On ne retrouve que la cruche, le bracelet et la coiffure…


Il arrivait maintenant que je confiais Aïcha à Saïd. Les premières fois, il n’y mit aucune complaisance ; au bout de cinq minutes, il abandonnait la jeune fille et venait me retrouver. À la longue, il consentit à la suivre. Elle était très fière de ce résultat. Mais elle n’osait pas encore lui passer la main sur la crinière ; Saïd se prêtait mal à ce jeu avec un autre que moi. Abd-Allah ayant voulu, un jour, le caresser à la manière d’un cheval, il se retourna avec fureur, et je dus intervenir pour le calmer. Il semblait respecter le vieil Oumar : il dormassait devant lui, tandis que le Maure fumait sa pipe.

Un soir, vers l’heure du repas, Aïcha se leva pour aller puiser de l’eau fraîche à une source lointaine.

— Je prendrai avec moi Saïd, dit-elle en riant ; c’est encore le compagnon le plus sûr.

Abd-Allah qui, depuis quelque temps, se montrait soupçonneux, crut sans doute qu’elle me fournissait ainsi un prétexte à l’aller chercher, car il insista pour la suivre.

Nous restâmes seuls, Oumar et moi. Pas le moindre souffle de vent.
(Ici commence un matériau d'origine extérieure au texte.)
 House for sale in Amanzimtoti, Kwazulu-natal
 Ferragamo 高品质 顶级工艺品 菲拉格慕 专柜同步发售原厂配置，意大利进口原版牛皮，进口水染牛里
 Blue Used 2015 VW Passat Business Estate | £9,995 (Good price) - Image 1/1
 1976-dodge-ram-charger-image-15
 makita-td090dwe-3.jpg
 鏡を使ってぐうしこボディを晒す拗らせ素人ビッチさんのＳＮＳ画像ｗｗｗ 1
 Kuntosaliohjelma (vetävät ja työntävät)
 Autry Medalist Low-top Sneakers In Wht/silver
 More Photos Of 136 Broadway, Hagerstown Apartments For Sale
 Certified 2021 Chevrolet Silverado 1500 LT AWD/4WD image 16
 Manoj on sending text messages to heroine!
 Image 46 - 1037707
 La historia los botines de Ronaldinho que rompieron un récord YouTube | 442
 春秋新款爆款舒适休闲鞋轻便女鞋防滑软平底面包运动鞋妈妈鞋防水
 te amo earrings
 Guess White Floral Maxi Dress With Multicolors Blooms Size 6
On voyait nettement les détails de la plaine, les arbres les plus lointains, dans la clarté immobile du soleil déclinant. Près de nous, un groupe de dattiers était nimbé d’une auréole violâtre, doucement détachée sur le fond de sable jaune. Au loin, les forêts festonnaient l’horizon. La lumière et l’ombre, suivant l’inclinaison du sol, emplissaient les creux, dessinaient le relief des collines. Tout paraissait simple, tranquille, comme on se figure l’époque des patriarches.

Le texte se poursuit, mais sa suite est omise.